→ **WORK TO COMPLETE**
Only the text of the entries below should be returned, exactly as given, without pictures.

•••

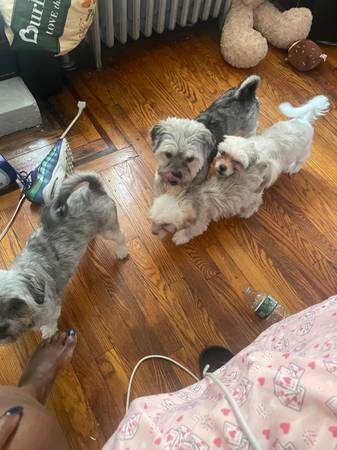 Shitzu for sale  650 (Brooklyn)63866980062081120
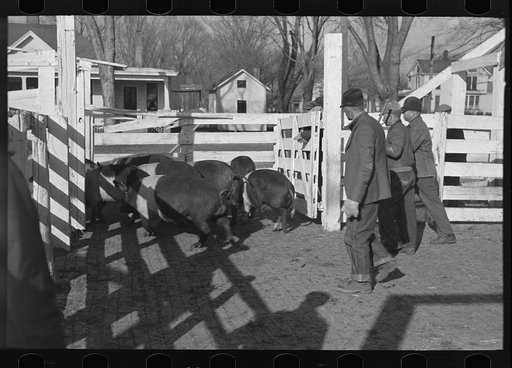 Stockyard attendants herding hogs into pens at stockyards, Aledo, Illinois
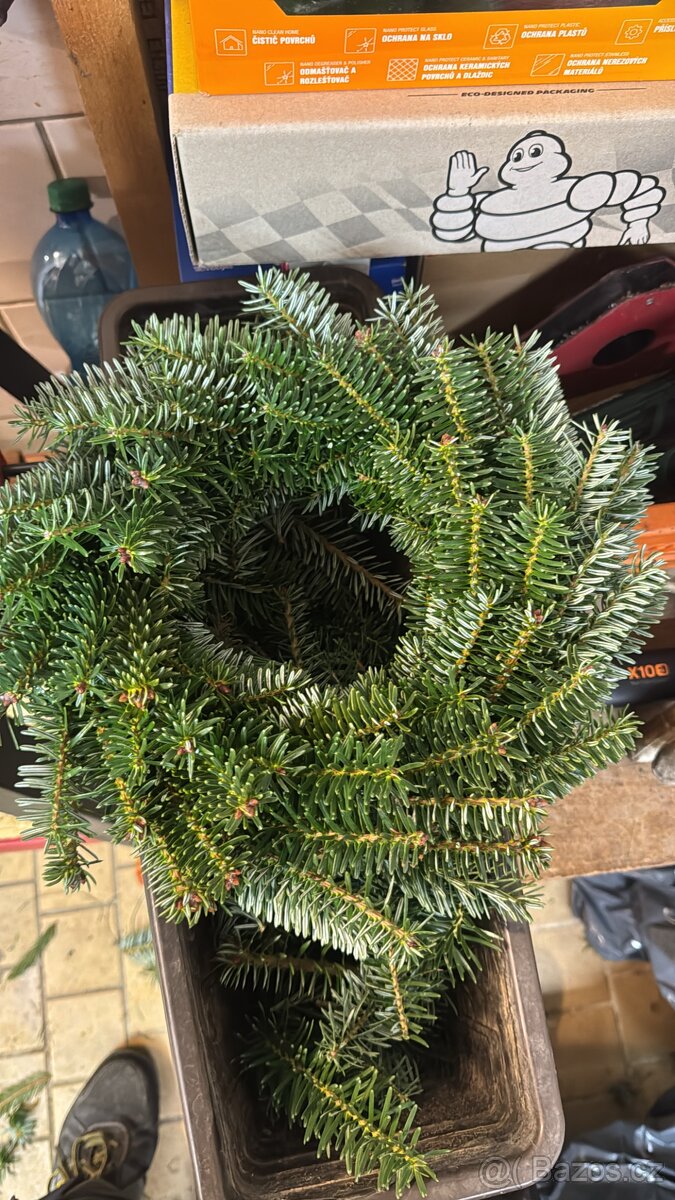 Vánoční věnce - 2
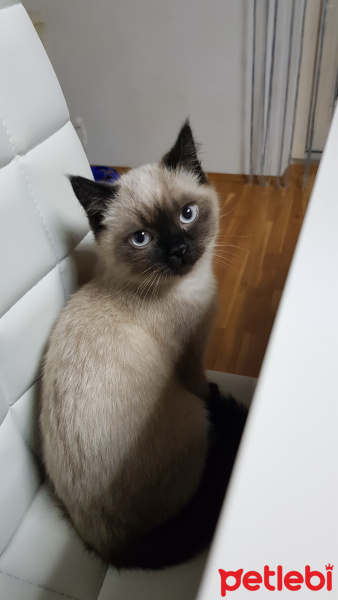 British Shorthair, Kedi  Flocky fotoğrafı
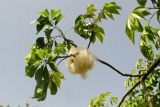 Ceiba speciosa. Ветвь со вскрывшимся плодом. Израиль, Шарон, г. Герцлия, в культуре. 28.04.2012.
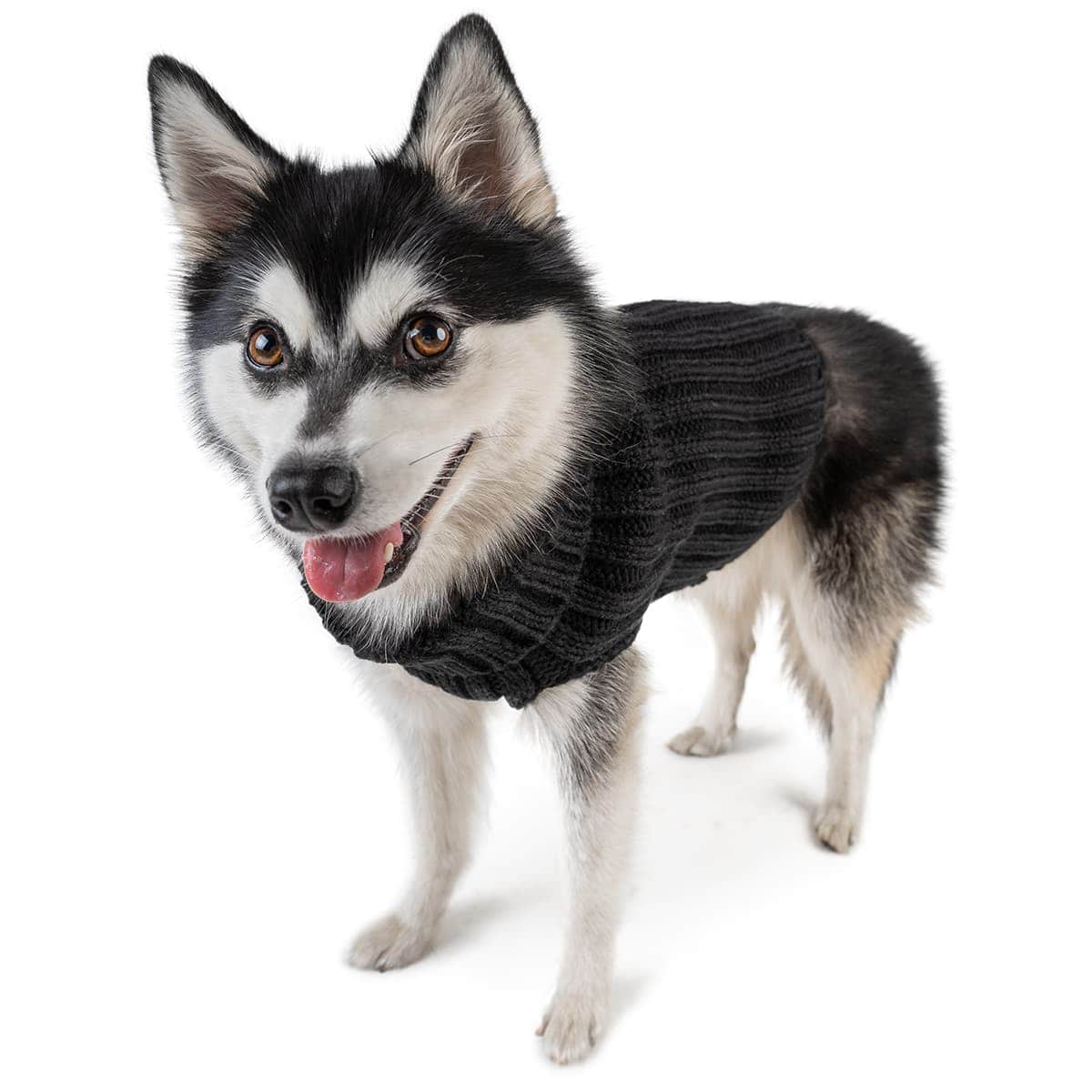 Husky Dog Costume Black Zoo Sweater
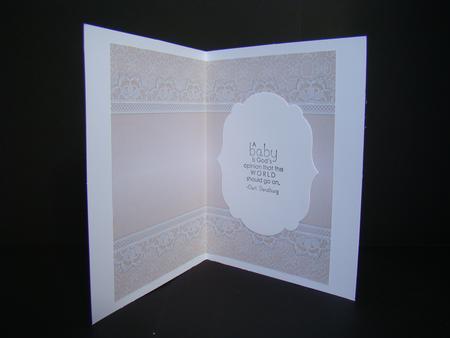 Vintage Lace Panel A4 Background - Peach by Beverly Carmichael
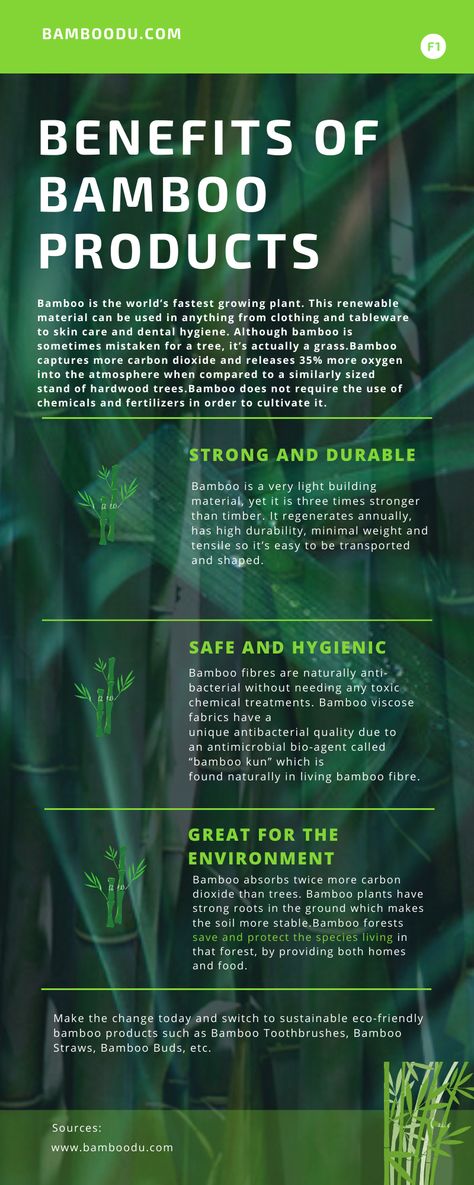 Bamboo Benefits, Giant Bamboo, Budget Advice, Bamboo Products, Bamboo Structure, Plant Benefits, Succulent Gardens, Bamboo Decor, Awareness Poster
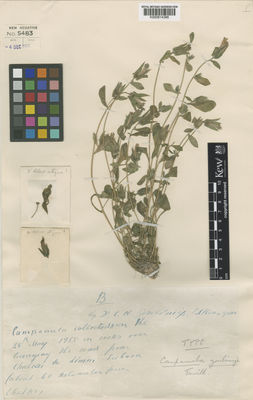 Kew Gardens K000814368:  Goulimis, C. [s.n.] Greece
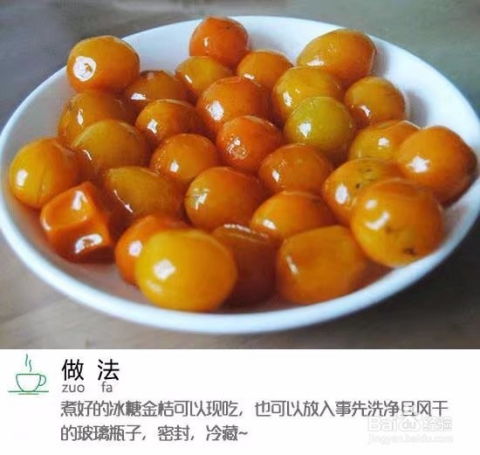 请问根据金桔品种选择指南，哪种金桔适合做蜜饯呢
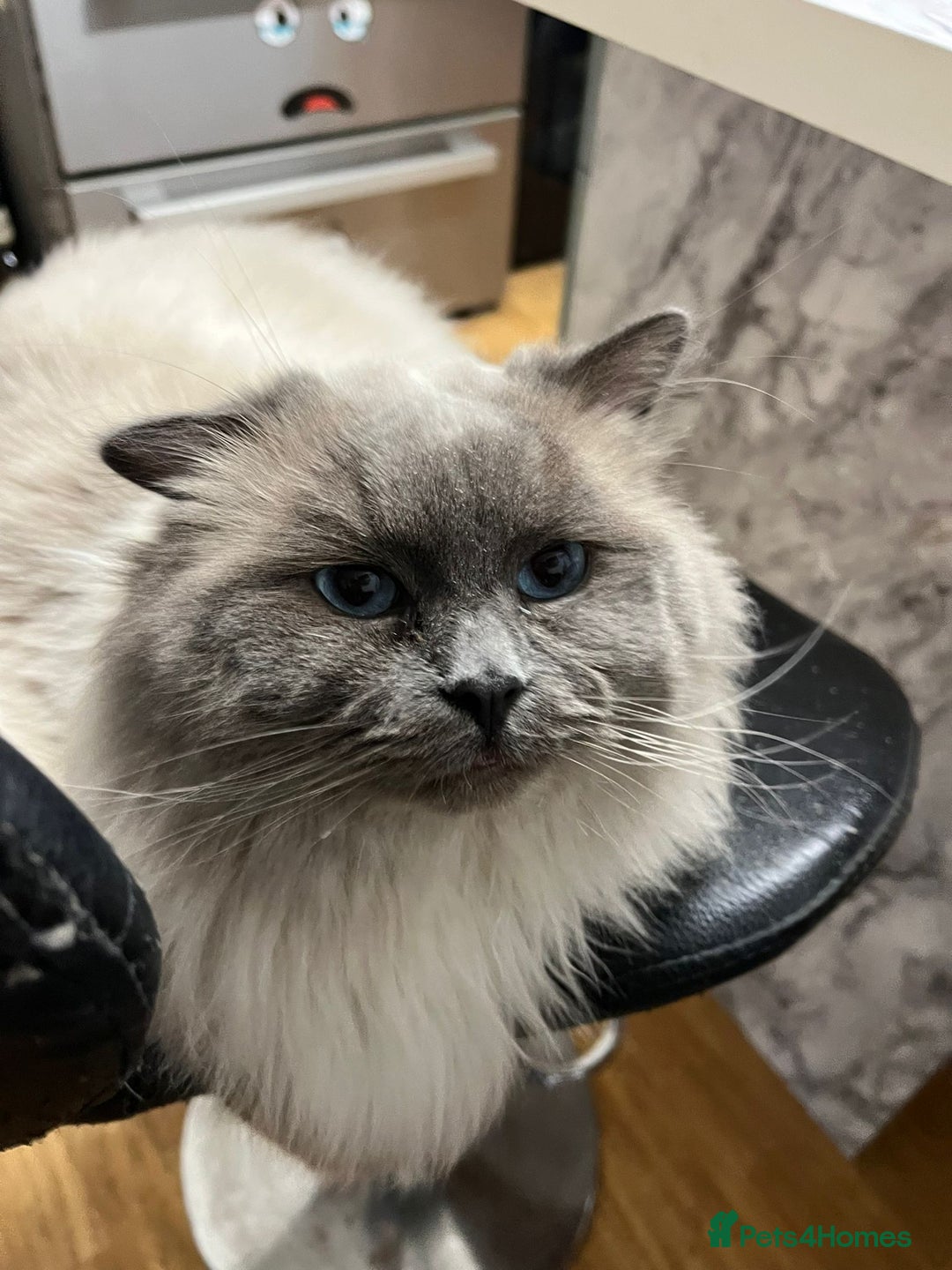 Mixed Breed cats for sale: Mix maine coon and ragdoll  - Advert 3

•••

→ **WRITTEN REPLY**
 Shitzu for sale  650 (Brooklyn)63866980062081120
 Stockyard attendants herding hogs into pens at stockyards, Aledo, Illinois
 Vánoční věnce - 2
 British Shorthair, Kedi  Flocky fotoğrafı
 Ceiba speciosa. Ветвь со вскрывшимся плодом. Израиль, Шарон, г. Герцлия, в культуре. 28.04.2012.
 Husky Dog Costume Black Zoo Sweater
 Vintage Lace Panel A4 Background - Peach by Beverly Carmichael
 Bamboo Benefits, Giant Bamboo, Budget Advice, Bamboo Products, Bamboo Structure, Plant Benefits, Succulent Gardens, Bamboo Decor, Awareness Poster
 Kew Gardens K000814368:  Goulimis, C. [s.n.] Greece
 请问根据金桔品种选择指南，哪种金桔适合做蜜饯呢
 Mixed Breed cats for sale: Mix maine coon and ragdoll  - Advert 3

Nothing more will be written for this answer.